(Recorded data)
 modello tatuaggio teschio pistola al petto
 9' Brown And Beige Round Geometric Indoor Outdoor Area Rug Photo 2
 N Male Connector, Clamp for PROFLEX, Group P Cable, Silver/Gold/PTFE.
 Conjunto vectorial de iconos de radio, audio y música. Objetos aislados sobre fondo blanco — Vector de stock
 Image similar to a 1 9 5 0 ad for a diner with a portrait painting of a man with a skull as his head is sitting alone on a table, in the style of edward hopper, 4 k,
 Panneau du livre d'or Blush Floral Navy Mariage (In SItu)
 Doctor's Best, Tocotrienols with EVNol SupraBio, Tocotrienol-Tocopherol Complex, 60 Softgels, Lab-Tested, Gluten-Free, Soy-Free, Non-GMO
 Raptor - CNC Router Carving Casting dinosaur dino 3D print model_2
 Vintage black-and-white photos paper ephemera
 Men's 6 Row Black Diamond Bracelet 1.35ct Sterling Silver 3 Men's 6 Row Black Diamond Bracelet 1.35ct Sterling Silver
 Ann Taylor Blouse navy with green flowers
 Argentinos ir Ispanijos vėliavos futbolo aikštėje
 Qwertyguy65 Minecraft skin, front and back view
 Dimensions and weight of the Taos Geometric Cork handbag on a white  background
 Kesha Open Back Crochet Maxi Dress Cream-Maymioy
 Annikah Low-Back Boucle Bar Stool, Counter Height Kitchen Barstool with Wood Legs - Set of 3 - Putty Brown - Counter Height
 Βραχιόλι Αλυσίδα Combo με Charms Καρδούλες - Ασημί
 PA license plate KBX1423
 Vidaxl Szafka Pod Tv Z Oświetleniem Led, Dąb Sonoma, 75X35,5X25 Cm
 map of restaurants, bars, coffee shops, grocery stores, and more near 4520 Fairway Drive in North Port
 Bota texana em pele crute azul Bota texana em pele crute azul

§ REQUIREMENT
Look above for the line containing "Doctor's Best, Tocotrienols". Output from there through the line containing "Qwertyguy65 Minecraft skin, front", exactly and inclusively.

§ ANSWER TO THE PROBLEM
 Doctor's Best, Tocotrienols with EVNol SupraBio, Tocotrienol-Tocopherol Complex, 60 Softgels, Lab-Tested, Gluten-Free, Soy-Free, Non-GMO
 Raptor - CNC Router Carving Casting dinosaur dino 3D print model_2
 Vintage black-and-white photos paper ephemera
 Men's 6 Row Black Diamond Bracelet 1.35ct Sterling Silver 3 Men's 6 Row Black Diamond Bracelet 1.35ct Sterling Silver
 Ann Taylor Blouse navy with green flowers
 Argentinos ir Ispanijos vėliavos futbolo aikštėje
 Qwertyguy65 Minecraft skin, front and back view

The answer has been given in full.